The new Flow Hive at Goodwood

The new Flow Hive at Goodwood

The Flow Hive – Revolution or Passing Craze?


Having been involved with a number of “start-up” companies, my mailbox is regularly hit with the latest funding “opportunity”. Most things get instantly filed into my cerebral rubbish bin. However when the Indiegogo crowd funding of the FlowHive appeared in my Inbox, I was naturally interested. Like most crowd funding deals, there is little chance of serious investment success but by backing an early idea one gets a chance to try out new technology before the masses.

The Flow Hive is a new method of harvesting honey from a hive without disturbing the bees within the super. It was invented by a father and son team – Stuart and Cedar Anderson in Australia.


The idea summary:


Based on the Langstroth hive, the business of the Flow Hive resides in the super.
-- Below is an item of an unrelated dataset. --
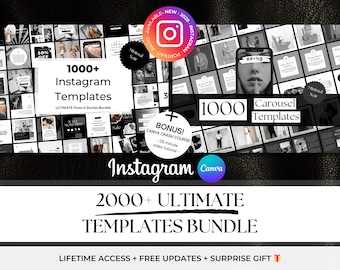 2000+ Instagram Portrait Templates BUNDLE - Elegant Editable Canva Templates - Modern Black & White Aesthetic Instagram Carousels, Stories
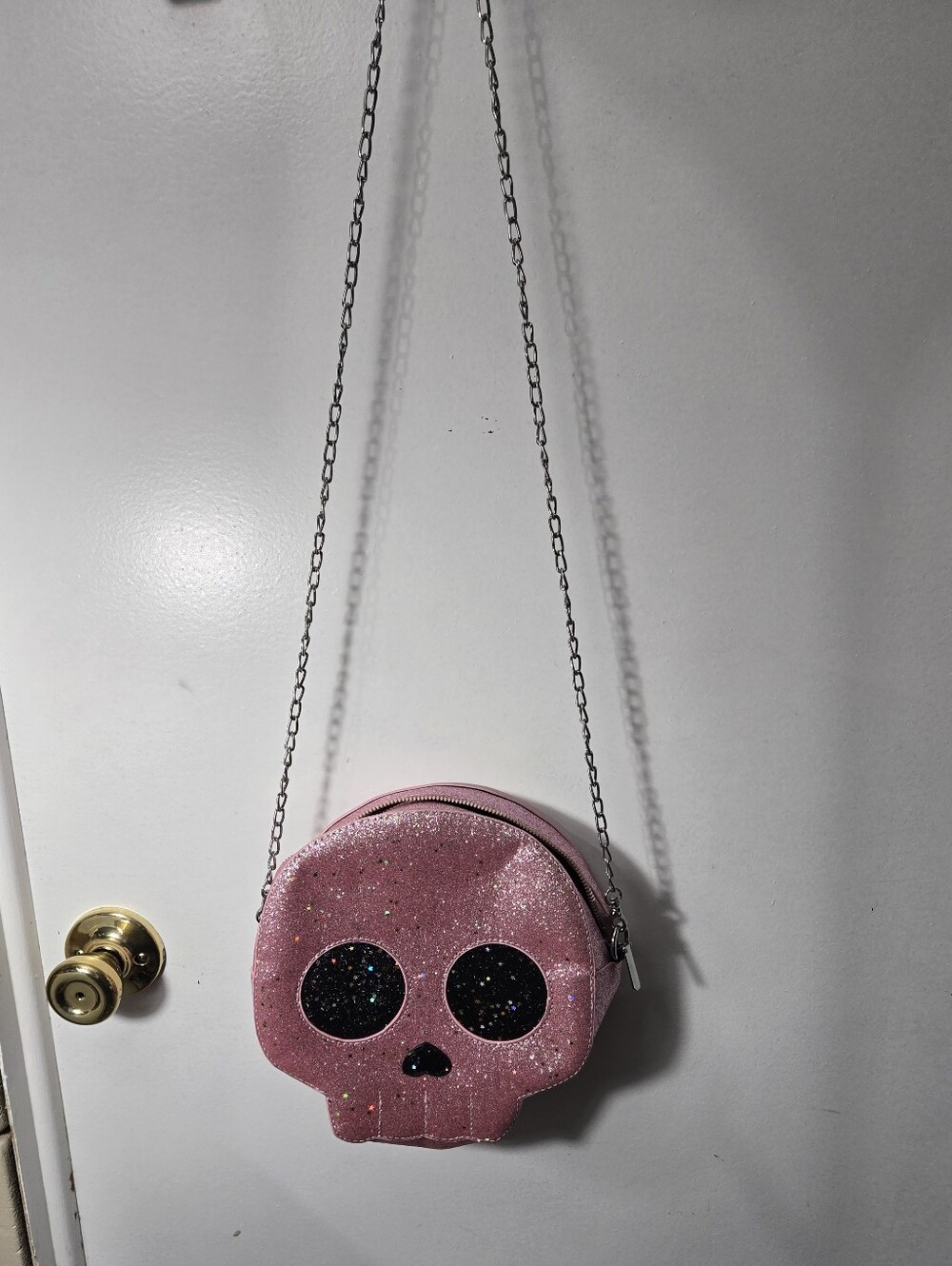 Pink Glitter Skull Crossbody Bag Gothic Edgy Glam Punk Halloween Barbiecore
Instead of traditional frames, the super is filled with 6 oblong “cartridges”. Each cartridge comprises of two banks of food grade plastic honeycomb cells side by side, each bank angled towards the centre – so arranged in a “V” pattern if seen end-on. Each bank of cells is again split into 2 halves, which can be moved apart using a long lever inserted along the top of each cartridge. The secret is that even when pushed together, the cells still need the bees to work on the structure and use wax to complete the join and create a cell. This last piece of work encourages the bees to take ownership and then use the cells to store their honey.

Progress is monitored using end and side windows. When the honey is sealed and ready to harvest, the two foot long lever is inserted along the top of the hive and rotated through 90 degrees. This forces the two halves of the cells apart at the wax join and allows the honey to flow into the “v” and drip down to the bottom of the cartridge which in turn is sloped to the back of the hive. A tube is inserted through a window at the back and the honey drips out into a sealed collection unit.



Well – that’s the theory!

160501 FlowHive1

160501 FlowHive2

Having made the decision straightaway to back the Andersons, I pressed the button and joined the early Funders in return for a complete FlowHive – it was a very good deal and cheaper than the cost of a new National – a No-Brainer at the time . Little was I to know how the concept would turn viral…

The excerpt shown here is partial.